Automatic Retries
Ice may automatically retry a proxy invocation after a failure. This is a powerful feature that, when used in the proper situations, can significantly improve the robustness of your application without any additional programming effort. The retry facility is governed by one overriding principle: always respect at-most-once semantics. At-most-once semantics dictate that the Ice run time in the client must never retry a failed proxy invocation unless Ice guarantees that the server has not already received the request, or unless the application declares that it is safe for Ice to violate at-most-once semantics for the request.
To understand the importance of obeying at-most-once semantics, consider the following Slice definition:
interface Account { long withdraw(long amount); }
The withdraw
operation removes funds from an account. If an invocation of withdraw
fails, automatically retrying the request introduces the risk of a duplicate withdrawal unless Ice is absolutely sure that the server has not already executed the request.
This page examines automatic retries in more detail.
On this page:
Automatic Retries for Request Failures
Ice considers a request to have failed if any of the following conditions are true:
- A connection could not be established
- A connection was lost before the reply was received
- A timeout expired
- An exception occurred while sending the request or receiving the reply
- An error occurred in the server while dispatching the request that causes the server to return an
UnknownException
orRequestFailedException
Ice considers an invocation that results in a user exception to be successful and therefore excludes it from consideration for automatic retries.
Ice must determine the answers to several questions to decide whether to retry a failed request:
1. What kind of error caused the request to fail?
Ice does not bother retrying a request if it knows the same error is going to occur again. For example, Ice never retries an invocation that raises a MarshalException
, which indicates that there was a problem while encoding or decoding a message.
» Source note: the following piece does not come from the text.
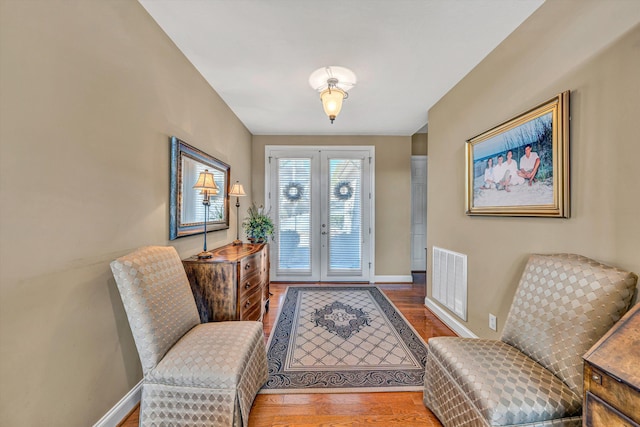 interior space featuring french doors, baseboards, wood finished floors, and visible vents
Retrying such an invocation is unlikely to change the outcome. It also doesn't retry invocation timeouts, if a server didn't respond within the invocation timeout period, it's unlikely that a retry would provide better results.
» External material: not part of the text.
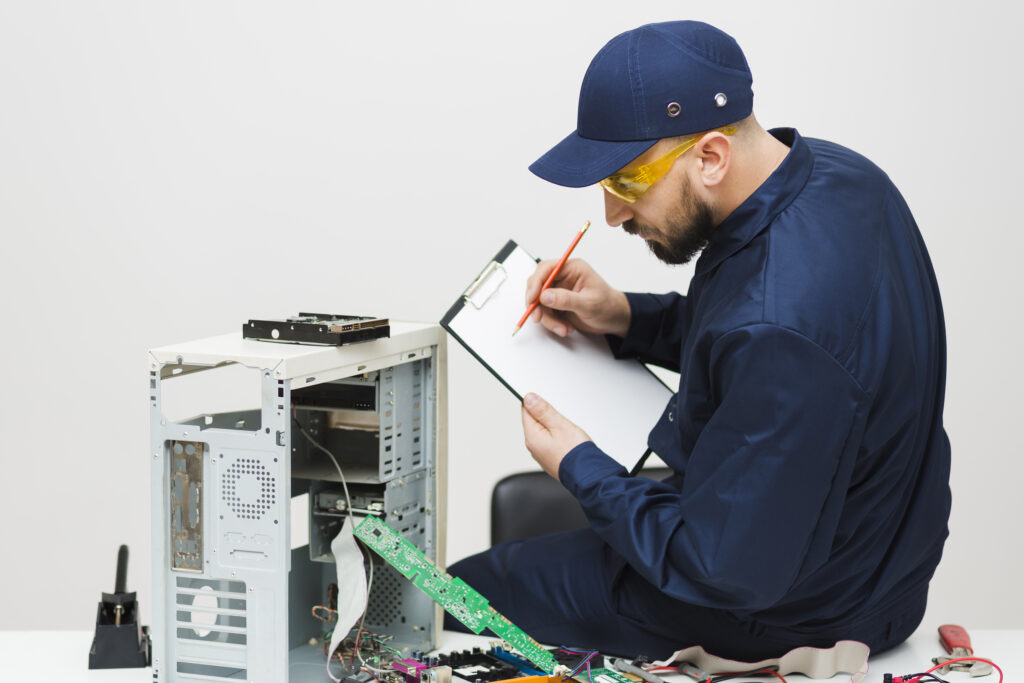 sideways man repairing computer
Ice also never retries exceptions that derive from RequestFailedException
because they indicate a permanent failure. One such subclass is OperationNotExistException
, whose occurrence signals a serious problem in the application. For instance, it might mean that the client and server are using incompatible Slice definitions, or that the client is trying to invoke operations on the wrong object. The exception to this rule is ObjectNotExistException
, which Ice does consider to be worthy of retry if the proxy in question is indirect because it gives an application the ability to transparently migrate an Ice object.
In addition to user exceptions and subclasses of RequestFailedException
, a server can also return an instance of UnknownException
, UnknownLocalException
, or UnknownUserException
to indicate that it encountered an unexpected exception while dispatching the request. These exceptions are eligible for retry.
2. When did the error occur?
If the error is still a candidate for retry, Ice needs to know whether the server has received the request. Naturally, the Ice run time in the client cannot possibly know that information until the server confirms it by sending a reply. However, to be conservative Ice assumes that the server has received the request as soon as Ice has written the entire protocol message to the client's local transport buffers. If the error occurred before Ice managed to write the complete message, retrying the request would not violate at-most-once semantics.
The Ice run time in the server also has the ability to notify the client that a request was not dispatched and therefore that it is safe for the Ice run time in the client to retry the request without violating at-most-once semantics. For example, this situation can occur when the server is shutting down while there are pending requests that have yet to be executed. Sending this notification allows a client to transparently fail over to another server.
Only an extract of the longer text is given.